▶ **What the task requires**
Copy each line below in which the string "Black" occurs.

━━━━━ Data ━━━━━

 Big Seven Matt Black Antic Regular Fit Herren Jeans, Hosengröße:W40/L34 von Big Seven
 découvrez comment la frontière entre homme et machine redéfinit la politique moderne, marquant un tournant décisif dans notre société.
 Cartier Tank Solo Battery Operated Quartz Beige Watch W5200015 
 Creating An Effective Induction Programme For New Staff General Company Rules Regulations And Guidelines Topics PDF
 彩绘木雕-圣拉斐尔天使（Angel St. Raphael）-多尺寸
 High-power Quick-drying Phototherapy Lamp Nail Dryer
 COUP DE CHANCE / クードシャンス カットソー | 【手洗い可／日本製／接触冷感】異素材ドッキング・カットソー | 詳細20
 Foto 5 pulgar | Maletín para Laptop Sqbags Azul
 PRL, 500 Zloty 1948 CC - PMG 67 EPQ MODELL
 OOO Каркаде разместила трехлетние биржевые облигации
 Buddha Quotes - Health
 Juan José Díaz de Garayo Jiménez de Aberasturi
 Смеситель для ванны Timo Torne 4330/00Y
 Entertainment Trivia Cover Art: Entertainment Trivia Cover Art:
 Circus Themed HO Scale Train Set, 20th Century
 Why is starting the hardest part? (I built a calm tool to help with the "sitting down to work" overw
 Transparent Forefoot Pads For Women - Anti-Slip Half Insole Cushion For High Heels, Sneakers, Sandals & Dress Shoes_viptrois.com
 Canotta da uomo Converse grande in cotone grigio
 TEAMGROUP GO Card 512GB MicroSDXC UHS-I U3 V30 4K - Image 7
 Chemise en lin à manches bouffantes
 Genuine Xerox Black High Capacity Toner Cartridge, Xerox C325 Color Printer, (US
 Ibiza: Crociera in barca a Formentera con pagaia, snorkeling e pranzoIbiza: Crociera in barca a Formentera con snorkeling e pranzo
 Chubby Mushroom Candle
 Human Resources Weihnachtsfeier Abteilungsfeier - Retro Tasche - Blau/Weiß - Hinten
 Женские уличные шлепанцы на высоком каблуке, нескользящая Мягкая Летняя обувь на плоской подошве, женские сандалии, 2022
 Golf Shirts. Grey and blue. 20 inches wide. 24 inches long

━━━━━

▶ **Task solution**
 Big Seven Matt Black Antic Regular Fit Herren Jeans, Hosengröße:W40/L34 von Big Seven
 Genuine Xerox Black High Capacity Toner Cartridge, Xerox C325 Color Printer, (US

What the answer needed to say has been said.